Caption-style text data:

▬▬▬▬▬▬▬▬▬▬

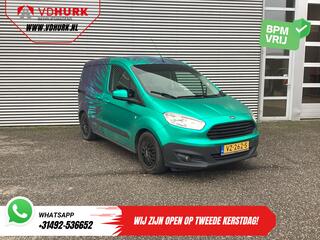 ford-transit-courier-1.5-tdci-trend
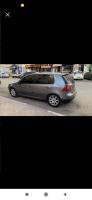 moyenne-berline-volkswagen-golf-5-2005-alger-centre-algerie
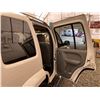 Image 42 : D6 --  2005 JEEP LIBERTY LIMITED 4X4, White, 241565 KM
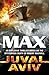 Max by Juval Aviv (2006-07-06)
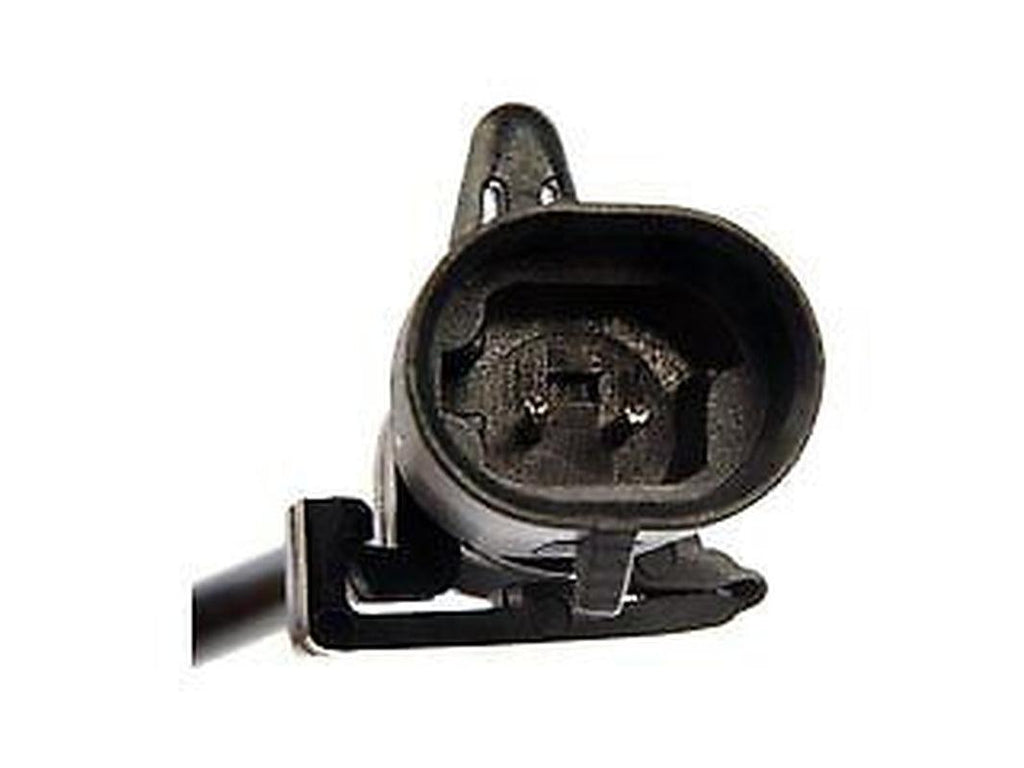 Dorman ABS Wheel Speed Sensor for 1999-2004 Grand Cherokee 970-072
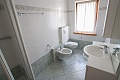 Apartmny Molin, Livigno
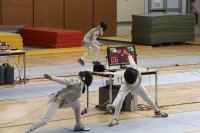 Open de Poitiers2016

▬▬▬▬▬▬▬▬▬▬

Drop the pictures and copy the data exactly.

RESPONSE TO THE TASK
 ford-transit-courier-1.5-tdci-trend
 moyenne-berline-volkswagen-golf-5-2005-alger-centre-algerie
 Image 42 : D6 --  2005 JEEP LIBERTY LIMITED 4X4, White, 241565 KM
 Max by Juval Aviv (2006-07-06)
 Dorman ABS Wheel Speed Sensor for 1999-2004 Grand Cherokee 970-072
 Apartmny Molin, Livigno
 Open de Poitiers2016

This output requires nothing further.